IS curve is the trajectory of all the combination points in the product market that meet the equilibrium income and interest rate.

Because the rise of interest rate will lead to the decrease of investment expenditure, thus reducing the total expenditure and eventually leading to the decline of the balanced income level, the IS curve is inclined downward. The slope of IS curve mainly depends on the sensitivity of investment to interest rate and the size of multiplier. The greater the elasticity of investment to interest rate, the flatter the IS curve. The larger the multiplier, the flatter the curve.

Extended data:

For two-sector economy, the equilibrium condition of product market is C+S = C+I, given S = S (y) and I = I (r), the market equilibrium condition is simply expressed as i(r)=s(y).

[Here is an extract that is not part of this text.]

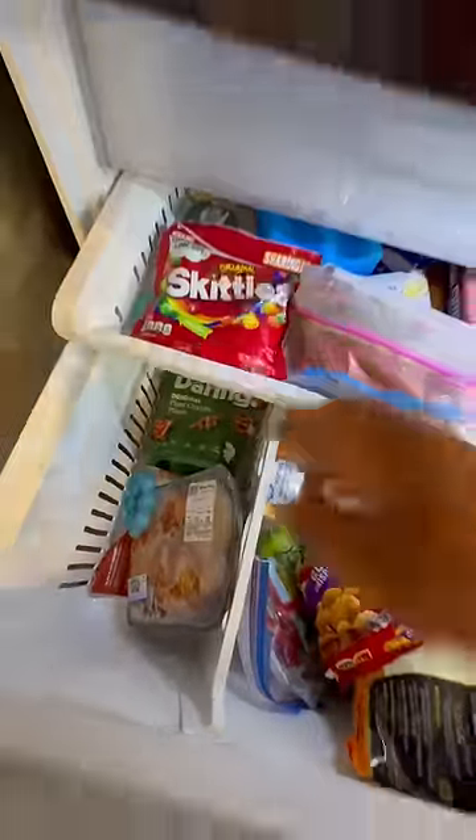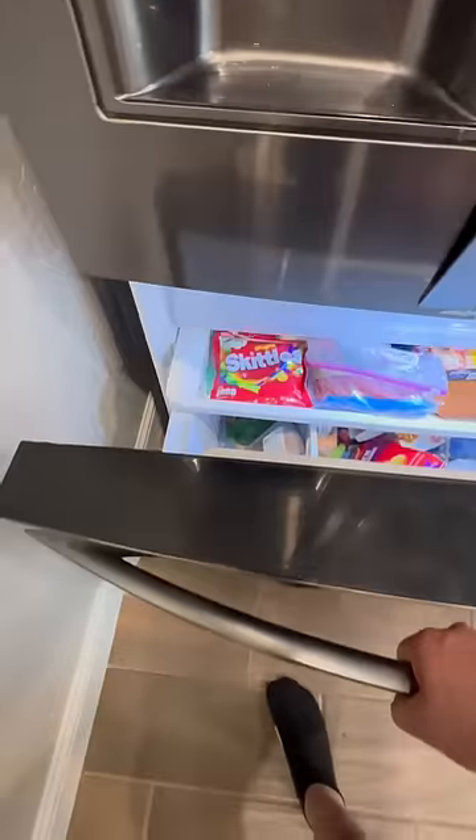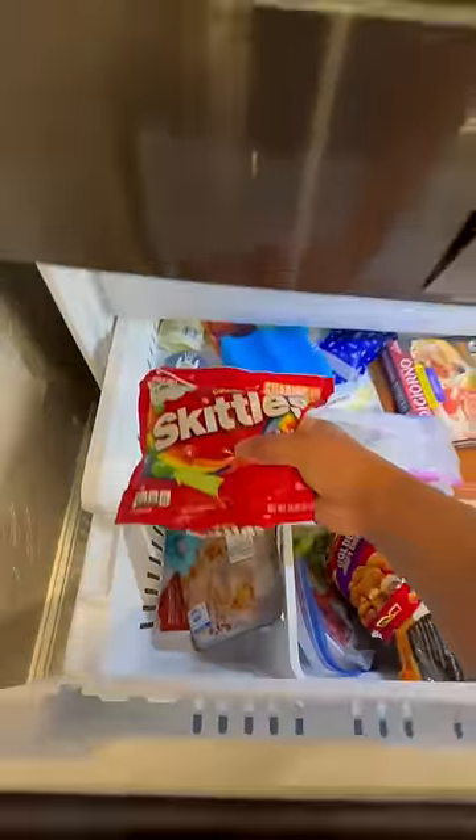Is that really how they're made? I guess there's only one way to find out. First, we're going to put them in the freezer for a couple hours. Two hours later. All right, now we're going to put them in the dryer for a few minutes.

Since investment is a function of interest rate r and savings is a function of income y, i(r)=s(y) also represents the function transfer between interest rate r and national income y under the condition of product market equilibrium:

1, the movement of the investment function, if the independent investment E increases for some reason, the investment curve moves to the upper right and IS moves to the upper right. On the contrary, e decreases and IS moves to the lower left.

2. With the movement of saving function, people's desire for saving increases. At every income level, people increase their savings, the savings curve moves to the upper left, and IS moves to the lower left. On the contrary, IS moves to the upper right.